## Task
Every record must come back exactly as given.

[Start of section]

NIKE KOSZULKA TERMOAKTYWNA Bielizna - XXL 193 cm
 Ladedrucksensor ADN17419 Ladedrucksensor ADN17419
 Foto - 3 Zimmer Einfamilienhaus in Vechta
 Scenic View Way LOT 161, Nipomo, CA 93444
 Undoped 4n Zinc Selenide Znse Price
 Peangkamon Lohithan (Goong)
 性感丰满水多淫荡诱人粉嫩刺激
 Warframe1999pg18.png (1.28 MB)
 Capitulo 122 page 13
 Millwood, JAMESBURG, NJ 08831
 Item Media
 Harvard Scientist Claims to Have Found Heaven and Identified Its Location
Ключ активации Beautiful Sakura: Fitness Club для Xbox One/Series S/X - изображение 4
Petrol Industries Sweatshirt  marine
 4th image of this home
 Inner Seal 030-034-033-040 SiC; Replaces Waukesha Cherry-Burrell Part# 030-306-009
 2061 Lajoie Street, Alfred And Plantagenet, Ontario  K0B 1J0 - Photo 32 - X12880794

[End of section]

## Solved problem
NIKE KOSZULKA TERMOAKTYWNA Bielizna - XXL 193 cm
 Ladedrucksensor ADN17419 Ladedrucksensor ADN17419
 Foto - 3 Zimmer Einfamilienhaus in Vechta
 Scenic View Way LOT 161, Nipomo, CA 93444
 Undoped 4n Zinc Selenide Znse Price
 Peangkamon Lohithan (Goong)
 性感丰满水多淫荡诱人粉嫩刺激
 Warframe1999pg18.png (1.28 MB)
 Capitulo 122 page 13
 Millwood, JAMESBURG, NJ 08831
 Item Media
 Harvard Scientist Claims to Have Found Heaven and Identified Its Location
Ключ активации Beautiful Sakura: Fitness Club для Xbox One/Series S/X - изображение 4
Petrol Industries Sweatshirt  marine
 4th image of this home
 Inner Seal 030-034-033-040 SiC; Replaces Waukesha Cherry-Burrell Part# 030-306-009
 2061 Lajoie Street, Alfred And Plantagenet, Ontario  K0B 1J0 - Photo 32 - X12880794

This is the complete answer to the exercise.